Using anger and courage to make change
No time for silence as the Catholic Church rocked by sexual abuse scandals
Throughout my 14 years of parish ministry in three different Catholic churches I had many roles, including the essential task of ensuring the Sunday bulletin was folded in time for the weekend and stuffed with the appropriate handouts, sometimes including a letter from the local bishop. I was not always a fan of the letters.
In the ’90s when I was at Regina Mundi Parish here in Hamilton, Bishop Tonnos issued a letter asking Catholics to vote against pension reform in Canada that would be inclusive of same-sex couples. When I saw the letters photocopied and neatly piled by the bulletins ready for stuffing, I decided to go on a silent strike. Instead of gathering the student volunteers from the school next door to help insert the letters that Friday afternoon, I took the bulletins up to the sacristy and left the letters behind in the office hoping they’d be overlooked. That didn’t happen. The letter was distributed and even read aloud while I silently fumed, closeted and imprisoned by internalized homophobia.
When I worked in Ottawa at St. Joseph’s in the early 2000s, a letter was issued by Bishop Marcel Gervais against same-sex marriage. My responsibilities were beyond bulletins by then so it wasn’t until Saturday night mass that I noticed the letters at each entranceway of the church. Our parish was known for its LGBTQ inclusion so this was not going to go over well, but the strategy to adhere to the bishop’s request was simply to make it available but not read it aloud or put it in the bulletin. I was much more effective this time and made the letter even less available when I stealthily picked up each pile and took them all home with me to the blue box.
This week I found myself in the opposite position. After a grand jury’s report was released in early August on the extensive and brutal sexual abuse by more than 300 priests to 1,000+ victims in Pennsylvania, I have been looking for words to help me through the pain and shame of belonging to a community that could have anything to do with this or any others abuses on a very long list, not the least of which is the administration of Canada’s residential schools.
The grand jury in Pennsylvania reported, “Priests were raping little boys and girls, and the men of God who were responsible for them not only did nothing; they hid it all. For decades. Monsignors, auxiliary bishops, bishops, archbishops, cardinals have mostly been protected; many, including some named in this report, have been promoted.”
I went to mass last week at my local parish looking for words to counter that gruesome reality. There were none.
Our local bishop, Douglas Crosby, had penned a letter in response to what he called, “the staggering number of past cases of sexual abuse of minors which have taken place at the hands of church leaders in the United States, including priests, bishops and cardinals, as well as coverups by those who have been entrusted with caring for the people of God.”
I found it online but couldn’t find it in the church. I called our pastor because this is no time for silence and he was sorry for the oversight. The letter, in which the bishop unites himself with those of us who are experiencing shame as members of the church as well as with the victims, “who continue to suffer as a result of the abuse they have undergone at the hands of those who are called to be ministers of Jesus Christ,” will be made available this week.

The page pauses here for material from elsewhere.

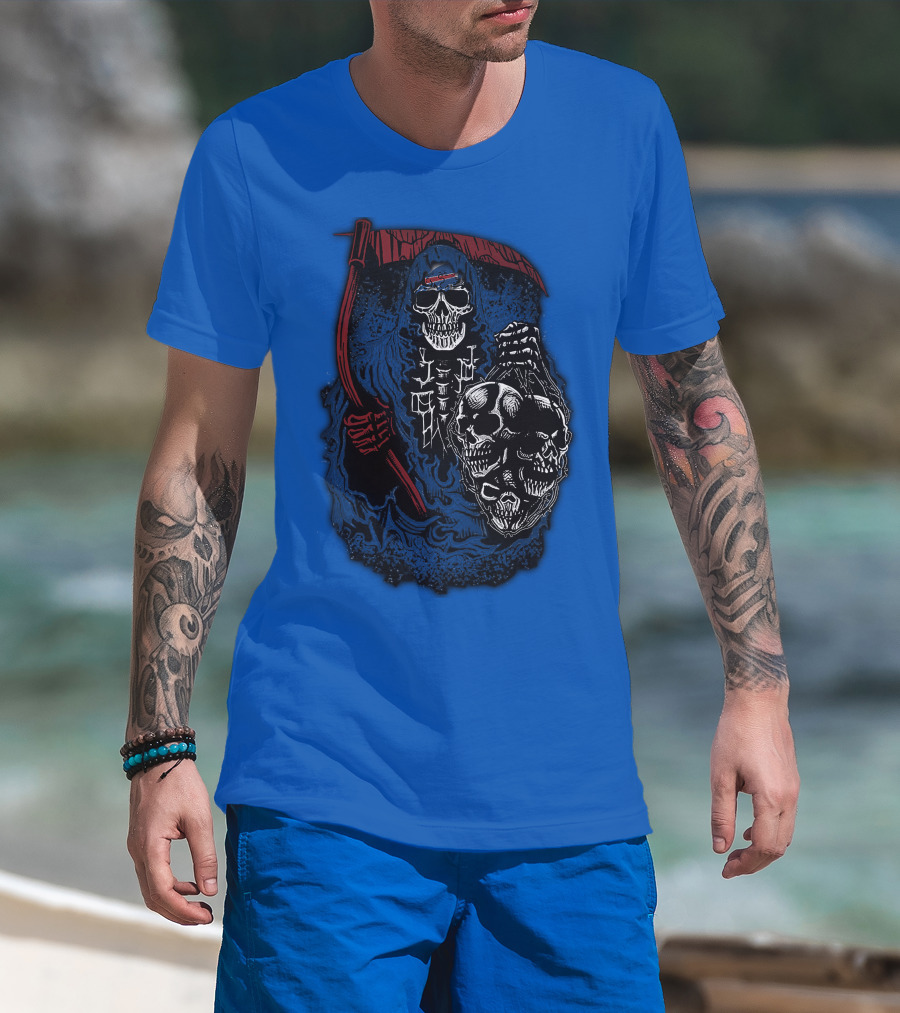 Buffalo Bills 61 Grim Reaper Skeleton Skulls T-Shirt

Other words of sustenance for me came from the Leadership Conference of Women Religious, representing 80 per cent of the nuns in the United States.
“(We are) sickened and ashamed of the church we love, trusted and have committed our lives to serve. We weep and grieve with all who over the decades have been victimized by sexual predators.”

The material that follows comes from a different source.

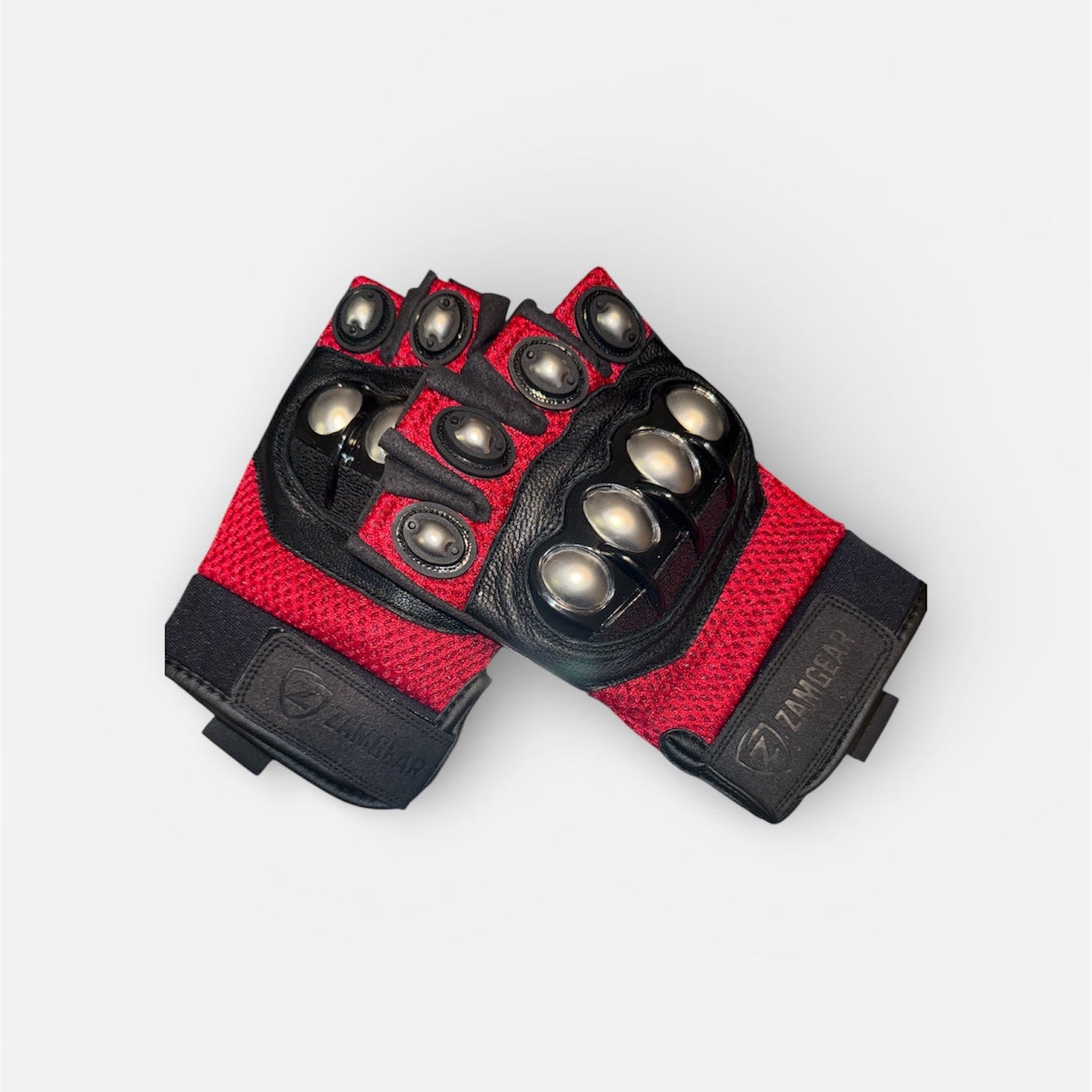 Tactical Half-Finger Gloves – Knuckle Protection, Breathable Mesh, Anti-Slip Grip, Motorcycle & Outdoor Gloves Red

The U.S. Federation of the Sisters of St. Joseph added a commitment “to dismantle the culture of abuse within the church and society,” in their letter.
Those words — dismantling the culture of abuse — are action-oriented and are encouraging to me.
So are these: “Hope has two beautiful daughters,” wrote Saint Augustine, a bishop in the fourth century. “Their names are Anger and Courage: Anger at the way things are, and Courage to see that they do not remain the way they are.”
Words and letters are not enough, but they are tools for directing change.
l am remaining in the church so I can use my anger and courage to help direct change and ensure things do not remain the way they are.